━━━━━ RECORD SET ━━━━━

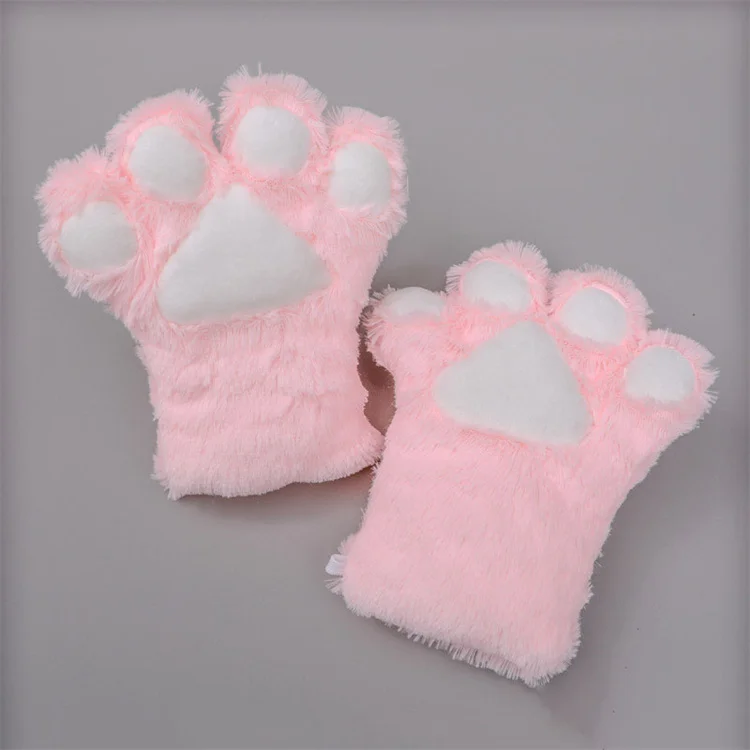 Fluffy Bear Cat Paw Gloves Plush Anime Novelty Cosplay Party Costume Glove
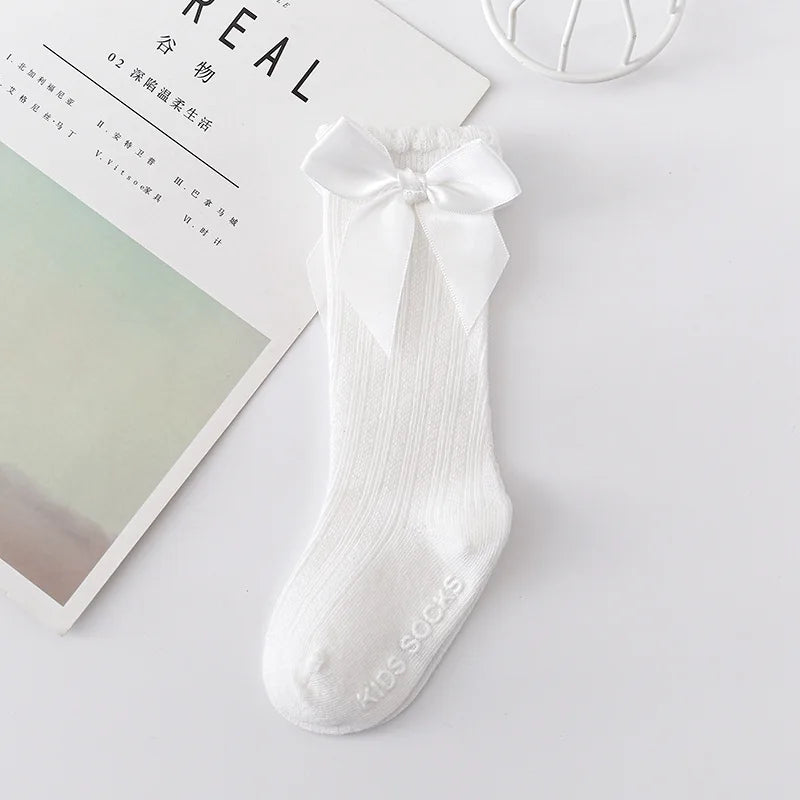 Red Bow Tie Knee High Tube Socks Girls' Christmas Stockings Infants Toddlers Soft Cotton Children Non Slip Floor Socks Baby Gift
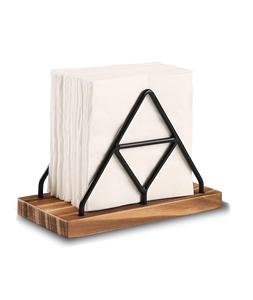 Wooden Napkin Storage1 Pack Black Table Napkin Holder with Black Metal <b>Wire</b> for Indoor Outdoor Home Dining Restaurant Kitchen - Product Image 1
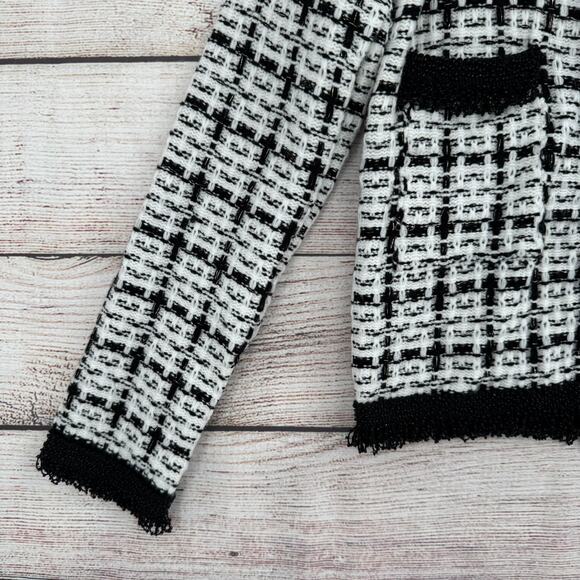 Zara Boucle Beaded Plaid Open Front Jacket Womens Small Black White Fringed NEW - Picture 5 of 11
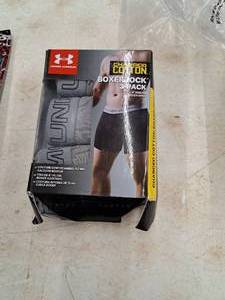 lot 1899 image: Under Armour BoxerJock Charged Cotton Mens Size Medium Boxer Brief 3-Pack
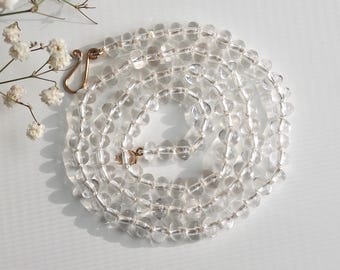 Silk Knotted Ice Quartz Rondelle Bead Necklace with Gold Clasp, 20" Long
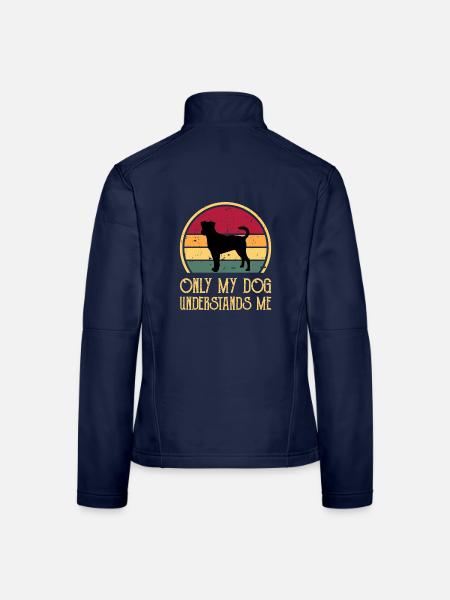 Dänischer schwedischer Bauernhund Hund Silhouette Retro Sonnenuntergang - Frauen Softshelljacke - Navy - Hinten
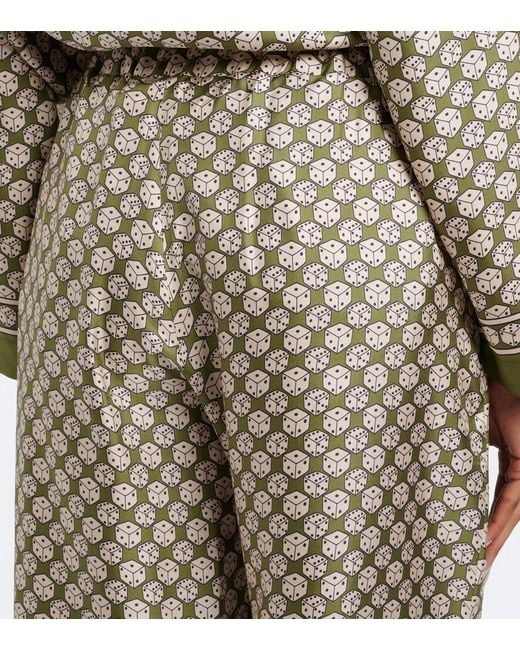 Max Mara Natural Printed Silk Wide-Leg Pants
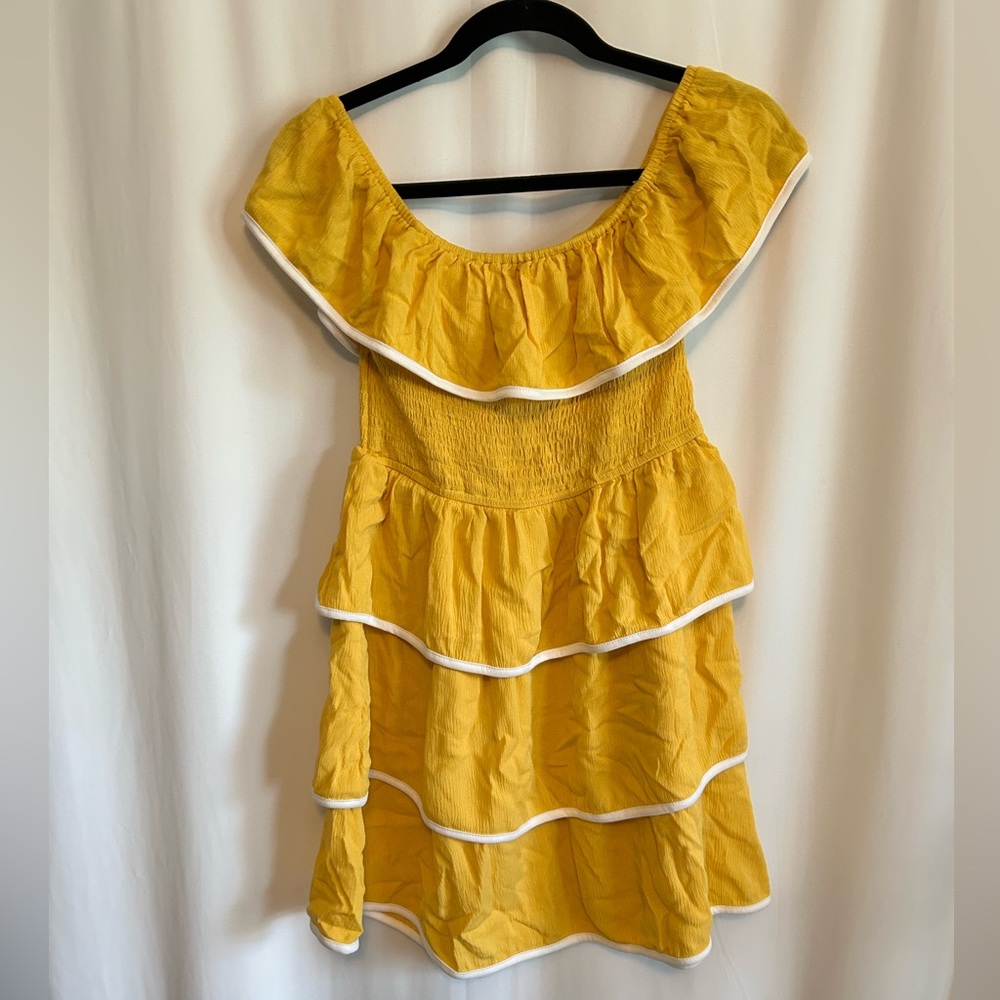 SHOWPO Yellow Tiered Ruffle Mini Dress Size 12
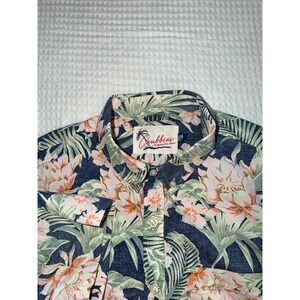 Chubbies Button Down Shirt Mens Medium Navy Blue Tropical Floral Short Sleeve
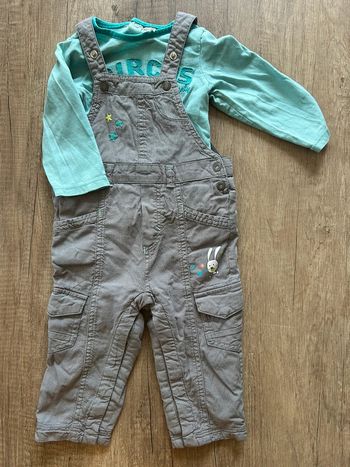 Ensemble salopette t-shirt manches longues 12 mois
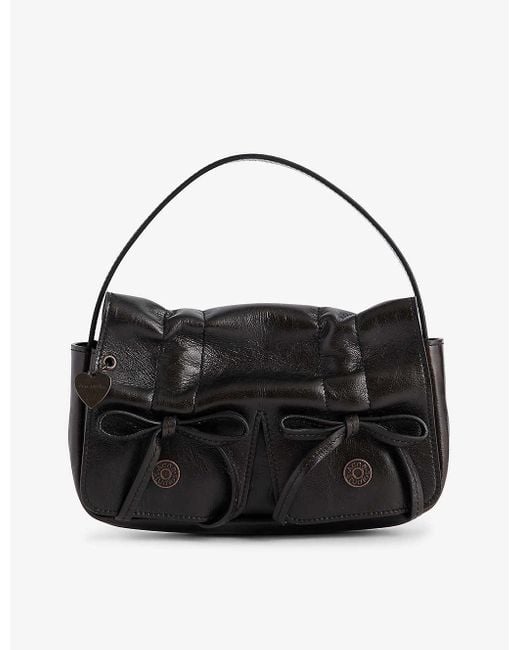 Acne Black Multipocket Leather Shoulder Bag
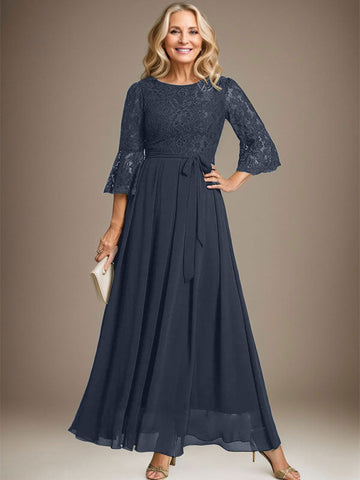 A-line Scoop Ankle-Length Lace Chiffon Mother of the Bride Dress With Bow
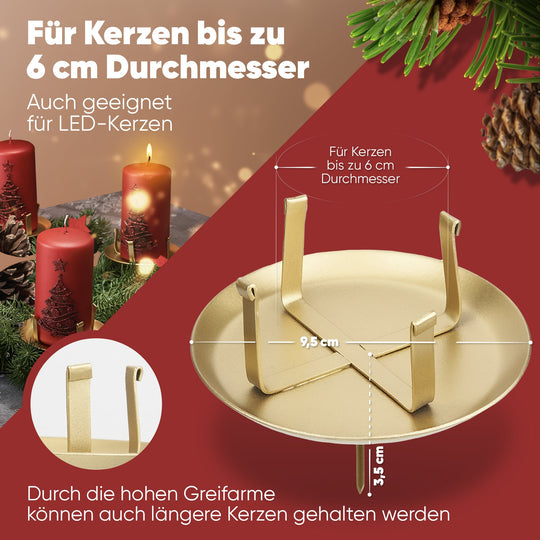 Kerzenstecker Adventskranz – Set ohne Dorn für Kerzen bis Ø 8 cm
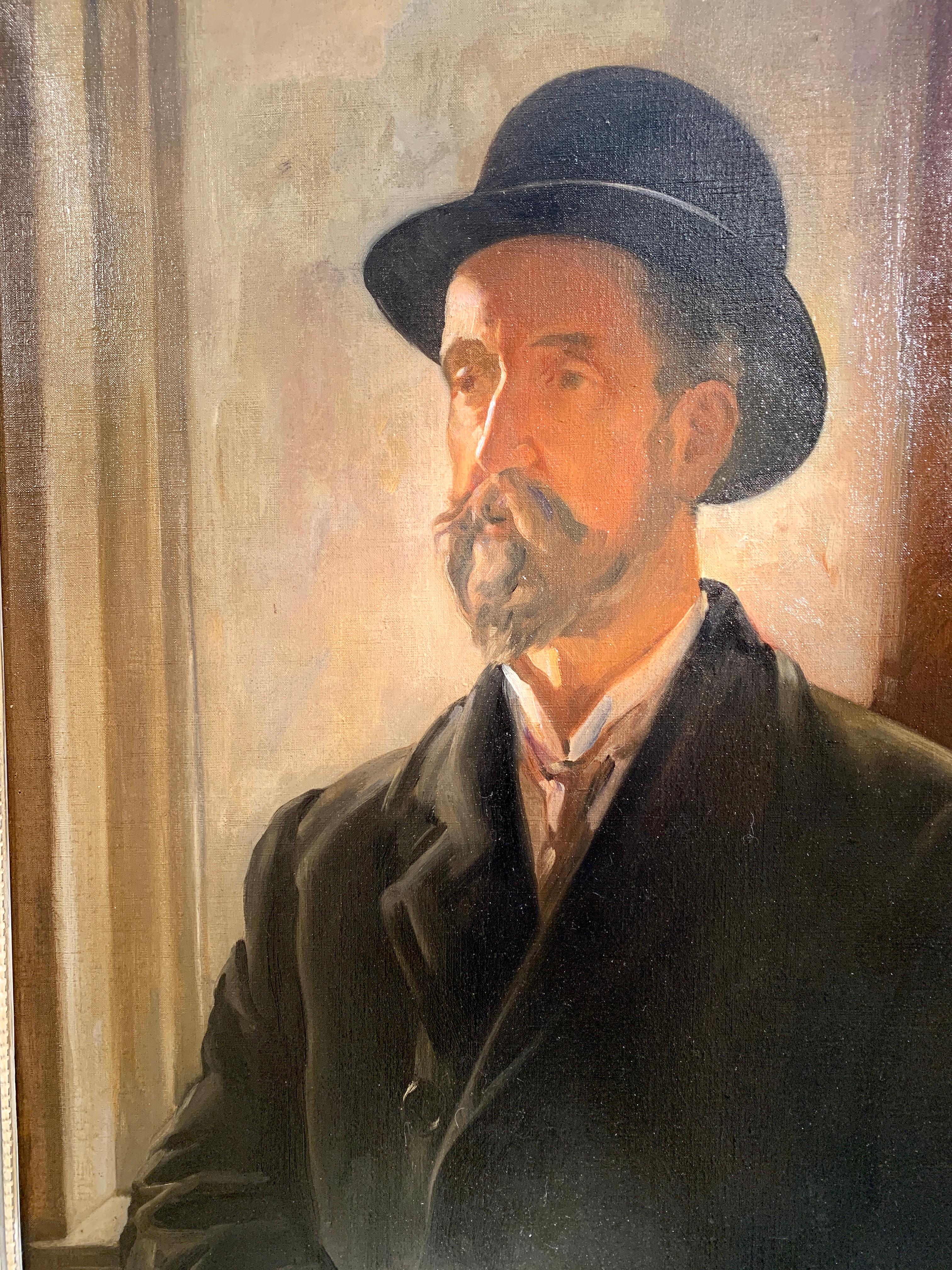 1930's English, Portrait in oil of a Bowler Hatted man, Photographer John Bean - Painting by George Herbert Buckingham Holland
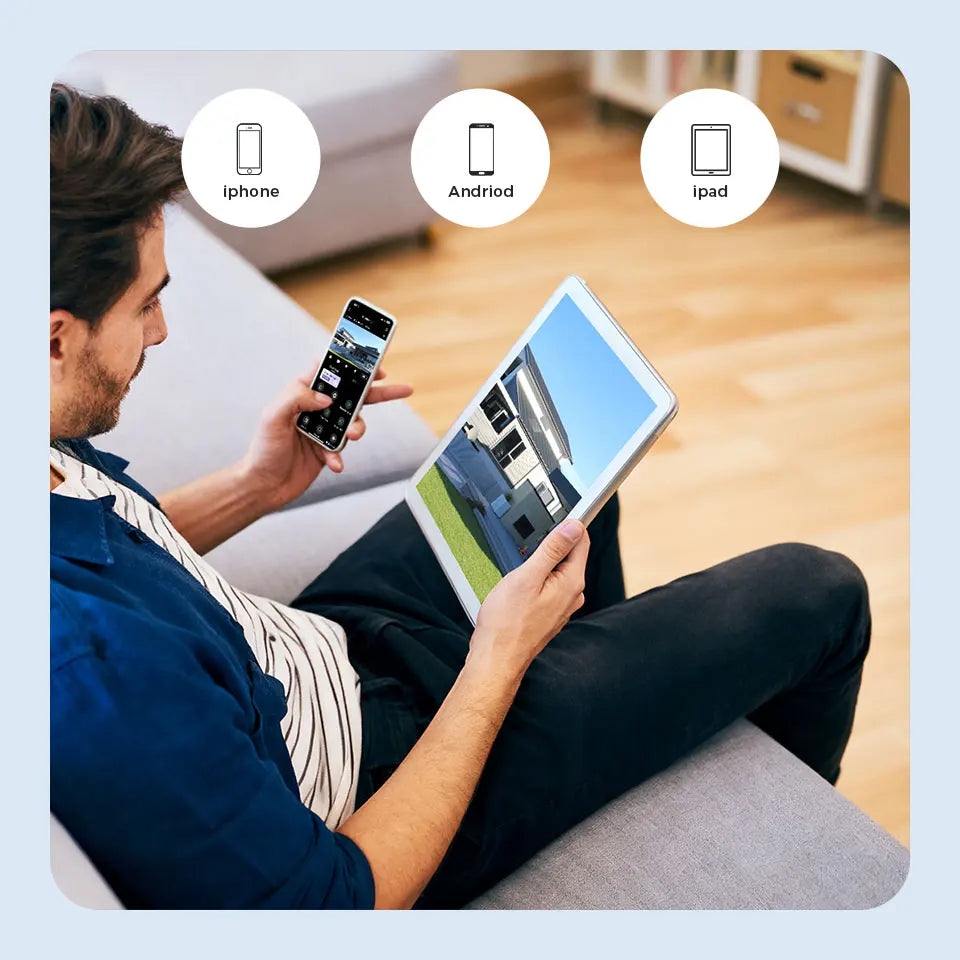 Solar Powered WiFi Security Camera Outdoor 3MP HD with Color Night Vision Two Way Audio Motion Detection & Pan - Tilt Control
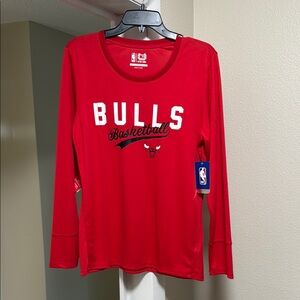 Ultra Game NBA Chicago Bulls Red Long Sleeve Shirt womens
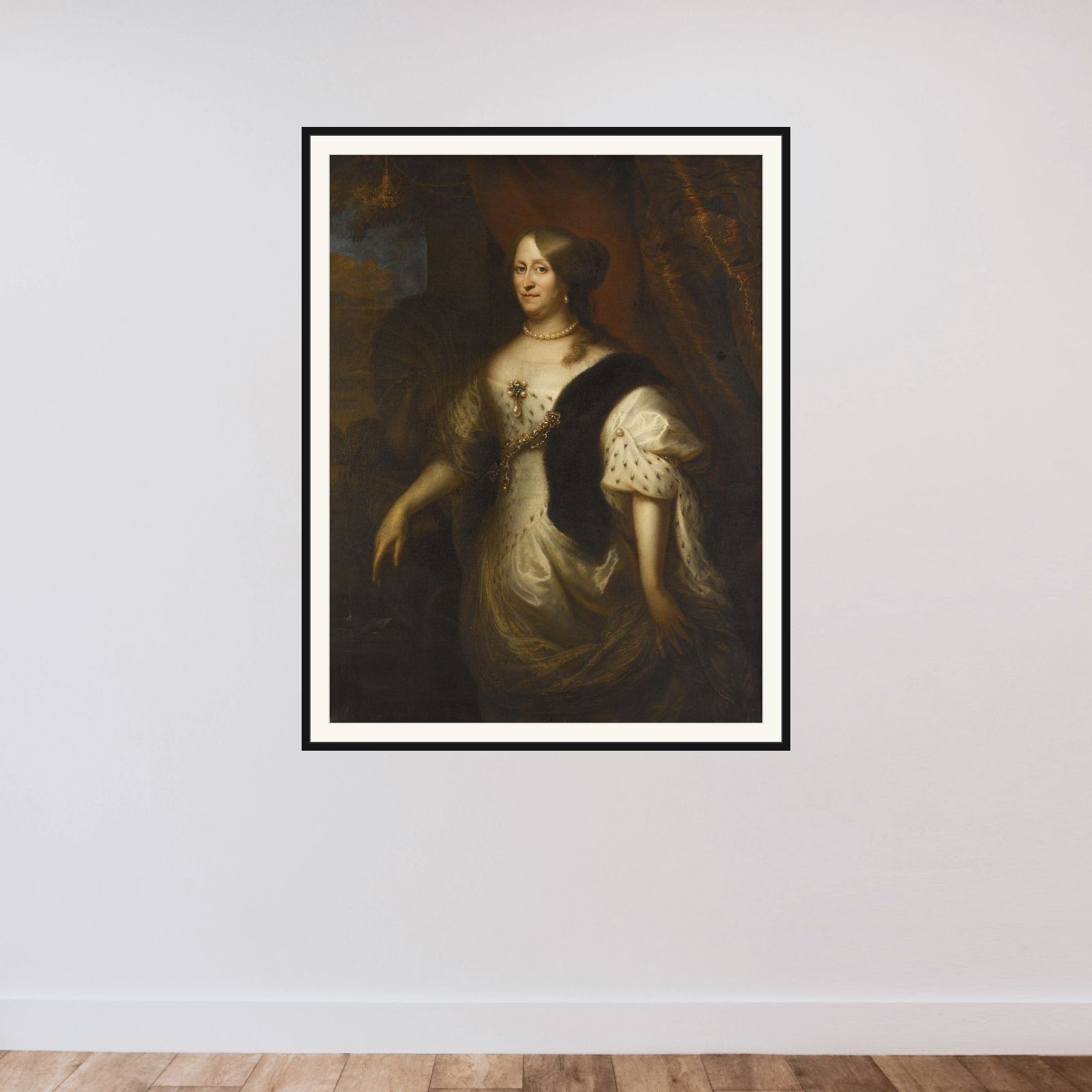 Cornelia Teding van Berkhout (1614-80), Wife of Maerten Harpertsz Tromp framed — shown to scale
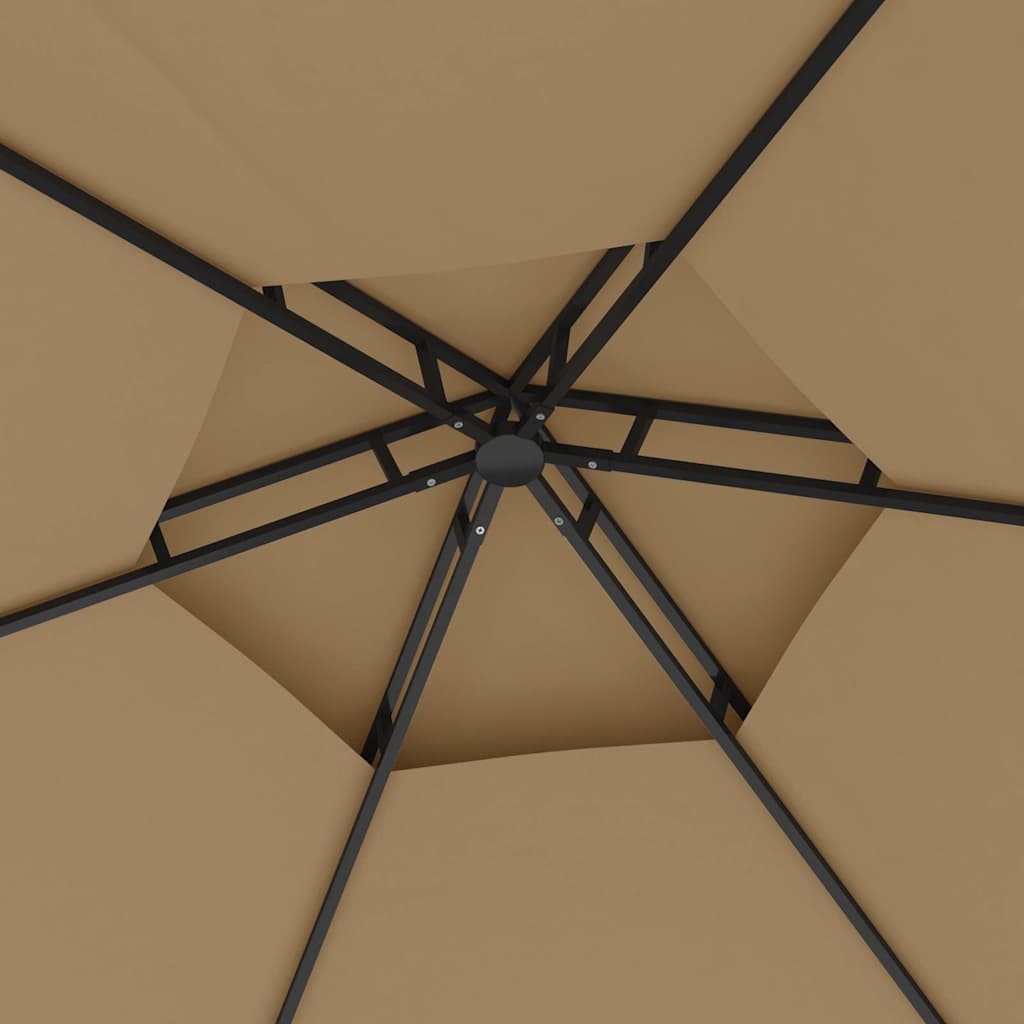 Gazebo Sidewalls 3.1X2.7 M Anthracite Taupe Cream Steel Cream 310 X 310 X 270 Cm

━━━━━

• TASK DIRECTIONS
Above are entries with pictures among them. Write out exactly the lines from the one containing "1930's English, Portrait" through the one containing "Ultra Game NBA", ends included, and leave those pictures out.

• WRITTEN ANSWER
 1930's English, Portrait in oil of a Bowler Hatted man, Photographer John Bean - Painting by George Herbert Buckingham Holland
 Solar Powered WiFi Security Camera Outdoor 3MP HD with Color Night Vision Two Way Audio Motion Detection & Pan - Tilt Control
 Ultra Game NBA Chicago Bulls Red Long Sleeve Shirt womens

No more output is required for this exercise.